As time has passed since the last results, the tools have been upgraded, so the Vivado version used for testing now has changed.
Part | xc7z007sclg225-2 |
---|---|
Vivado Version | 2023.2 |
Original | Alternative | |||
---|---|---|---|---|
Bus Width | Minimum clock period (ns) | Maximum clock frequency (MHz) | Minimum clock period (ns) | Maximum clock frequency (MHz) |
1 | 0.915 | 1092.9 | 1.314 | 761.0 |
2 | 1.037 | 964.3 | 1.372 | 728.9 |
4 | 1.316 | 759.9 | 1.554 | 643.5 |
8 | 1.546 | 646.8 | 2.393 | 417.9 |
16 | 1.943 | 514.7 | 2.186 | 457.5 |
32 | 2.306 | 433.7 | 2.845 | 351.5 |
The results for the original CRC on the higher bus widths continue to agree, butdoubt is cast over the original figures for the lower bus widths, which now allow for higher clock speeds.
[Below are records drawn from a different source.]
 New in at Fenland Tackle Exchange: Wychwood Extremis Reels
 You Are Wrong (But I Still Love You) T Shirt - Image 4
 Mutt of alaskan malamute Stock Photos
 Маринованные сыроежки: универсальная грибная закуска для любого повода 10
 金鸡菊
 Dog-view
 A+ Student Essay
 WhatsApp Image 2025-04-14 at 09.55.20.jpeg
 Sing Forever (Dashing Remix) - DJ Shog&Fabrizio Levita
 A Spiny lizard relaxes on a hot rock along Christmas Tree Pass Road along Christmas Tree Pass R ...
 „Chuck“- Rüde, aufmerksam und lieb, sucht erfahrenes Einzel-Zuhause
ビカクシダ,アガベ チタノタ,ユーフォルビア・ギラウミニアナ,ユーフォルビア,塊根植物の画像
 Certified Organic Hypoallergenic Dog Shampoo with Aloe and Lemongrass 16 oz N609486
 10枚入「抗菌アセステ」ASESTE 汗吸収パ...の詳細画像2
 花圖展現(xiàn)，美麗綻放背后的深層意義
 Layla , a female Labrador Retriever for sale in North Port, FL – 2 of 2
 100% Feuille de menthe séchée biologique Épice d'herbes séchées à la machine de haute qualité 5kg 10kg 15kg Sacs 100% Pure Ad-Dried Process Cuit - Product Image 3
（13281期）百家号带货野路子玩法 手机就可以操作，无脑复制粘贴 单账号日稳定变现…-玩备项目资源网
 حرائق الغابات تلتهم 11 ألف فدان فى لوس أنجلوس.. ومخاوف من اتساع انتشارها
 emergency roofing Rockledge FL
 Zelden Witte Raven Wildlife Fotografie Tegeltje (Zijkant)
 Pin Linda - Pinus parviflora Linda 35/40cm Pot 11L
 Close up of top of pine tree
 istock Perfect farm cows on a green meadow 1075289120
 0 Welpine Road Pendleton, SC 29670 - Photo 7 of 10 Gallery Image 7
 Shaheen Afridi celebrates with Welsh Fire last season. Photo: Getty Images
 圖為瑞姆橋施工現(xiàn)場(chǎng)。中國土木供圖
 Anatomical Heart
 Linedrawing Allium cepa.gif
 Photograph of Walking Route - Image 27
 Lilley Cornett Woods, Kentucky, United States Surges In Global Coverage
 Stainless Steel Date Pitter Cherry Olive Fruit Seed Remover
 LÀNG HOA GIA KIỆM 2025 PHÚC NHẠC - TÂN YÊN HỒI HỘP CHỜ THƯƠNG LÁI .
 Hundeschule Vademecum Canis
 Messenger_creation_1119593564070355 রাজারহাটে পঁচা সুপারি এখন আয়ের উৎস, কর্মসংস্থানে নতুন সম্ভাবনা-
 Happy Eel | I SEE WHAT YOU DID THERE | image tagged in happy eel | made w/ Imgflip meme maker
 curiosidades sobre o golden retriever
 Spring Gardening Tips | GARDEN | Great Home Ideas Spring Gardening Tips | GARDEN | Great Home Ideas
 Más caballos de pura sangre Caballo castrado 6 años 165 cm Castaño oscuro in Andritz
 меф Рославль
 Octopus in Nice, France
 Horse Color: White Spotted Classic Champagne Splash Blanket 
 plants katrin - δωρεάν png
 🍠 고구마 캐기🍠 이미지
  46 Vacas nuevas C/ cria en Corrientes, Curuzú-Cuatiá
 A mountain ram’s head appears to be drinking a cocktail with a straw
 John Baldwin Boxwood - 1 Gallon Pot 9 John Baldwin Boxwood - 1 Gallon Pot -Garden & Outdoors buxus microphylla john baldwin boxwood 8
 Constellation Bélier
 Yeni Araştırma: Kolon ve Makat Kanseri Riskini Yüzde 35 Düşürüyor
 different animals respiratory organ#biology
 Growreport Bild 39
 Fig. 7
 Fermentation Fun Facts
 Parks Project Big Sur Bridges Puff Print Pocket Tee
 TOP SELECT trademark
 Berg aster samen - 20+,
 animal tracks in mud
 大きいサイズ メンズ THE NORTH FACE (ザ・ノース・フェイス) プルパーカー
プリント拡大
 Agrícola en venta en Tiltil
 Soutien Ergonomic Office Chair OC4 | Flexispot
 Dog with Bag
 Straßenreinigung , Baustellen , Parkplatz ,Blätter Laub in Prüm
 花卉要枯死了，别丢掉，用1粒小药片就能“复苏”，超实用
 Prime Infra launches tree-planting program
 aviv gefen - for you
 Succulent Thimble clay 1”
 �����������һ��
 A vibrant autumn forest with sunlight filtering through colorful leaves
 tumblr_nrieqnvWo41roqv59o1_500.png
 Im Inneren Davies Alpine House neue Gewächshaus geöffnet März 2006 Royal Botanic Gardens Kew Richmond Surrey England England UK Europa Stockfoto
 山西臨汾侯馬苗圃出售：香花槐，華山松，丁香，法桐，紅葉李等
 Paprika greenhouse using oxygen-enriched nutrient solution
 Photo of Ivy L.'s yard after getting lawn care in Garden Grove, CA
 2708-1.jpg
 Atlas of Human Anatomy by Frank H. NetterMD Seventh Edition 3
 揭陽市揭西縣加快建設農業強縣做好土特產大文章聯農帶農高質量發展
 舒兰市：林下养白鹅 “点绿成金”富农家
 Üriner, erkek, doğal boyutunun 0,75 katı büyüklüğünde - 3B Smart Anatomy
This may be down to a different usage of constraints since the Out of Context synthesis method has been amended.


The alternative CRC implementation uses one less register at the expense of a reduction in maximum clock speed. The clock speed is so high already and the available gates so plentiful that the difference in performance is irrelevant. More important is getting the desired answer.
Conclusions
In FPGAs, where logic is packed into LUTs, the parallel implementation is limited in clock speed by the delay across only one or two LUTs. It is entirely practical to calculate the CRC32 of a message with 32-bit wide data. It is possible to increase the data width beyond 32-bits too. The logic required for the parallel calculation is derived for you from the polynomial generic with no specialist implementation, making this implementation especially convenient and re-usable.